The very first step we can make in that direction is helping Lee Harris in his challenge to Ophelia Ford. That election will likely be decided by fewer than 2,000 votes and Senate District 29 desperately needs better representation in Nashville. This simple, small victory will go a long way toward reforming our image in the state capital and will put forward someone we can be proud of.

The next step should be making the party machinery more useful to candidates and elected officials so that we can all be on the same page and maintain some degree of party discipline. The SCDP should take an official position on every issue within its scope. That does not mean all Shelby County Democrats must take those same positions, but it is immensely important that the party communicates to its members the official party position on all local problems which have a political solution. That leaves room for individual innovation among its elected members while informing those same innovators about how they should maneuver relative to the party.

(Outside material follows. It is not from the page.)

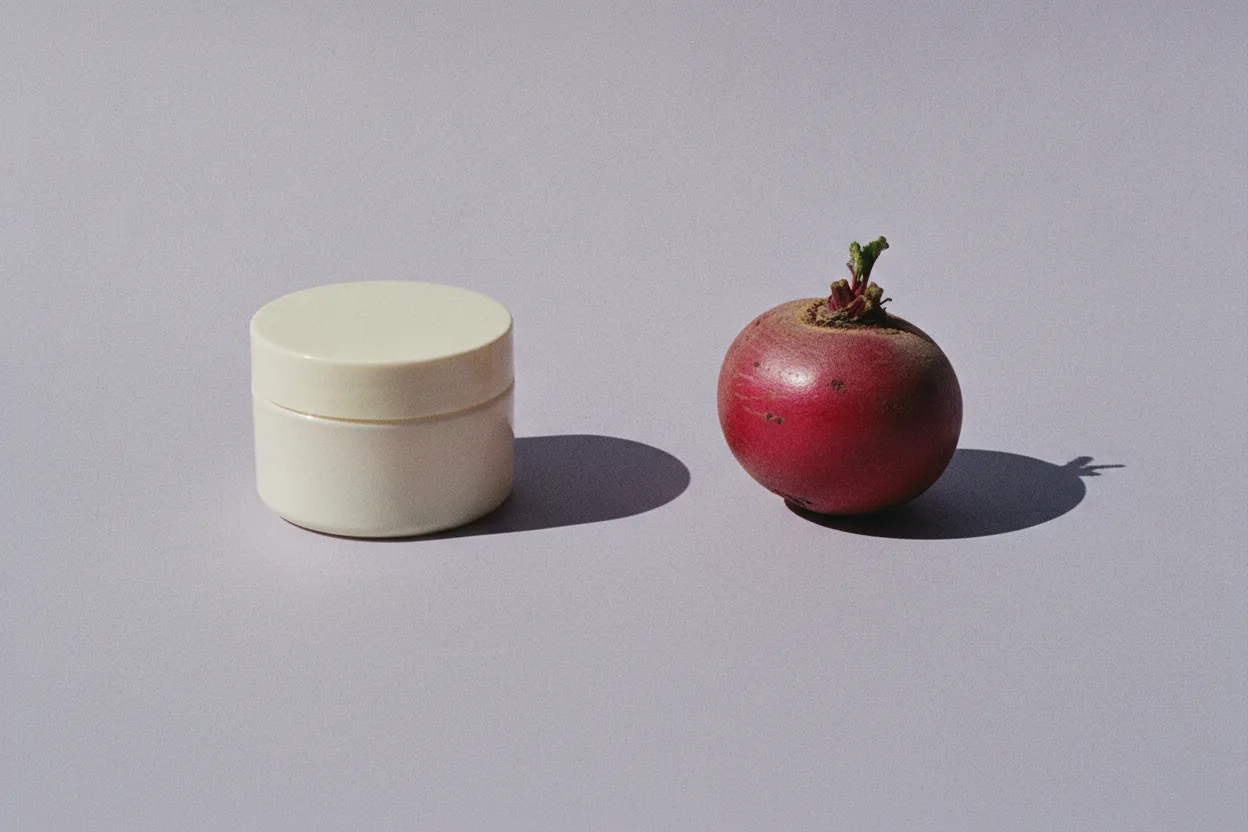 A plain cream cosmetic jar and a whole raw beetroot sit apart on a lilac-grey surface, lit by hard flash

The county party must develop its own fundraising apparatus. Noble attempts have been made at this in the past, and they must be attempted again. The party needs a carrot. We must also agree upon a credible party leader who can not only speak for the party, but who is enabled to credibly publicly condemn bad behavior among Democrats in the media. The party needs a stick. Ideally this would be someone who does not have any outstanding arrest warrants themselves.

Finally, we need to create a career track for our local Democratic activists. Speaking from long personal experience, politics is both a full-time job and a terrible way to try to make a living. Campaign work is seasonal, and there is no more certain way to certify yourself as "overqualified" for non-political work than to work on campaigns and in Congress. Republicans have ways to take care of their people. We do not. I don't care if we have to start a Democratic landscaping company that rakes the leaves, trims the hedges, and cuts the grass, we need some way for professional Democratic activists to support themselves between elections. This is the pool of people from which we are going to pull our best candidates, party leaders, and campaign staff. Those people need to pay their bills. Liz Rincon and London Lamar can't do it all by themselves. We need more Democrats who are trying to do what they are doing, and we need to support them.

No matter how the county elections turn out, this is not going to be a banner year for Shelby County Democrats. Rather than focusing on the outcome of the elections themselves, let's turn our attention instead to how they are won and lost, and center our efforts on making sure that the process of Democratic victory becomes the status quo in Shelby County.